Although it is generally accepted that the CNS preproglucagon systems plays a role in appetite regulation, the physiological role is still debated. Located in the NTS the preproglucagon neurons can be activated by vagal afferents. Hence, gastric balloon distension, mimicking gastric distension in response to a meal has been shown to activate preproglucagon neurons in the NTS and adjacent lateral reticular formation (Vrang et al., 2003) and central GLP-1R blockade can block the feeding inhibitory effect of gastric distension (Hayes et al., 2009) suggesting that NTS GLP-1 signalling is engaged by gastric satiation signals. In a recent study in transgenic mice expressing the fluorophore Venus under the control of the preproglucagon promoter,Hisadome et al.(2010) elegantly demonstrated that preproglucagon neurons are activated by vagal afferents and are directly activated by leptin. In further support of vagal-to-preproglucagon-neuron signaling is the findings that interoceptive stressors believed to engage vagal afferent signaling stimulation such as that caused by certain interoceptive stressors (e.g. intraperitoneal administration of LiCl, lipopolysaccharide and high doses of CCK) have been shown to activate central preproglucagon neurons (Rinaman, 1999a). In support of GLP-1 as a mediator of LiCl induced anorexia and taste aversion, both can be significantly blunted by GLP-1 receptor antagonists (Rinaman, 1999b, Seeley et al., 2000).

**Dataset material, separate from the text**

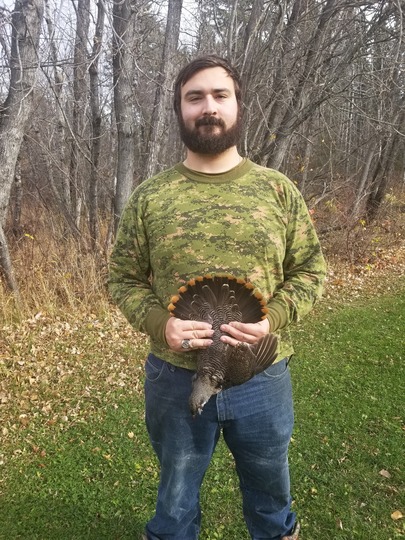 Tétras du Canada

While the central preproglucagon system has been extensively studied in the rodent, it is unknown if this system is conserved in primates and the presence of a central preproglucagon system has yet to be reported. The purpose of this study was to characterize the distribution of preproglucagon expressing neurons and their projections in a nonhuman primate.